Bad data II
By Matthew Goldstein
Bad data continues to confound the U.S. government in its measurement of the economy, with the Federal Reserve Bank of New York noting it too has been a victim.
In the Fed’s most recent report on outstanding consumer debt, the nation’s central bank said it recently discovered it had been underestimating the total dollar amount of student loan debt for a number of years. In the report, the NY Fed said some of the under-counting may have stemmed from the methodology used by one of its vendors.
The Fed said it has fixed the problem, which was a significant one. The Fed says it may have been under-estimating outstanding student loan debt by some $290 billion.
But don’t worry, the Fed indicates there’s nothing wrong with its other data collection. And on that front, the Fed said overall consumer debt at the end of the third-quarter declined by $60 billion to $11.66 trillion.
Let’s hope the Fed hasn’t been under-counting outstanding home loans and credit card debt either.
Here is the Fed’s student loan debt correction:
Revisions to Student Loan and Total Debt Balances
From the inception of the FRBNY Consumer Credit Panel, we have frequently compared the aggregate
balances reported on our sample of consumer credit reports to other publicly available sources of data.
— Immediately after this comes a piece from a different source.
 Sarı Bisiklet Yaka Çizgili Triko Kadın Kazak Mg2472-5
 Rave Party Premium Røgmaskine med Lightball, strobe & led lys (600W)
For most
categories of consumer debt, our aggregate figures are close to other public estimates and/or we are able to
understand the differences we observe. However, we came to realize that our aggregate reported student loan
balance was at the low end of the substantial range of publicly available sources.
After several months of discussions with our vendor, we have now come to understand the source of this difference.
The revisions to the data are fairly substantial: as of our August report, 2011Q2 student loan balances were
reported at $550 billion. We now estimate that student loans outstanding in that quarter (2011Q2) amounted to
$845 billion, $290 billion or 53.7% higher than we reported earlier.